From the entries that follow, gather each line holding the word "White".

BEGIN THE INPUT

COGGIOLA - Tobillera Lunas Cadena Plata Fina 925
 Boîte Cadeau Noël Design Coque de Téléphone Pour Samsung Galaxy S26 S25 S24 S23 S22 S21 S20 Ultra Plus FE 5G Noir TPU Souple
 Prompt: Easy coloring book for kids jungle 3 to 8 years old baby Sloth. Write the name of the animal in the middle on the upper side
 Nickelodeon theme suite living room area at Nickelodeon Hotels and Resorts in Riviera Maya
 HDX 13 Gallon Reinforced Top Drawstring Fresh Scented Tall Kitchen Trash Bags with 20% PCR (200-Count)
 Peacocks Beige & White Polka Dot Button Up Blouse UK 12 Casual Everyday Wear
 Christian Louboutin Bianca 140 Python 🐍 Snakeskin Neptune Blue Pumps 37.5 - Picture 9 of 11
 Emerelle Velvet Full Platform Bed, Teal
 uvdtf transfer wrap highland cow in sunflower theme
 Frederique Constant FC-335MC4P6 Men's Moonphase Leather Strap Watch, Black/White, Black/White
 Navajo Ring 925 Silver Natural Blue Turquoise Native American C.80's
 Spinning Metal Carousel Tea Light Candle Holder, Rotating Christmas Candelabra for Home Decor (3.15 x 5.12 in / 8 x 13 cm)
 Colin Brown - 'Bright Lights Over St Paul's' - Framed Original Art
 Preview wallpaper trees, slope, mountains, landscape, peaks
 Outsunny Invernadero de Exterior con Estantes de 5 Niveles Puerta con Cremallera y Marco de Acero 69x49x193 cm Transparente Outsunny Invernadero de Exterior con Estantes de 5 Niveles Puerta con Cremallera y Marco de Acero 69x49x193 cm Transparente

END THE INPUT

● **ANSWER AREA**
 Peacocks Beige & White Polka Dot Button Up Blouse UK 12 Casual Everyday Wear
 Frederique Constant FC-335MC4P6 Men's Moonphase Leather Strap Watch, Black/White, Black/White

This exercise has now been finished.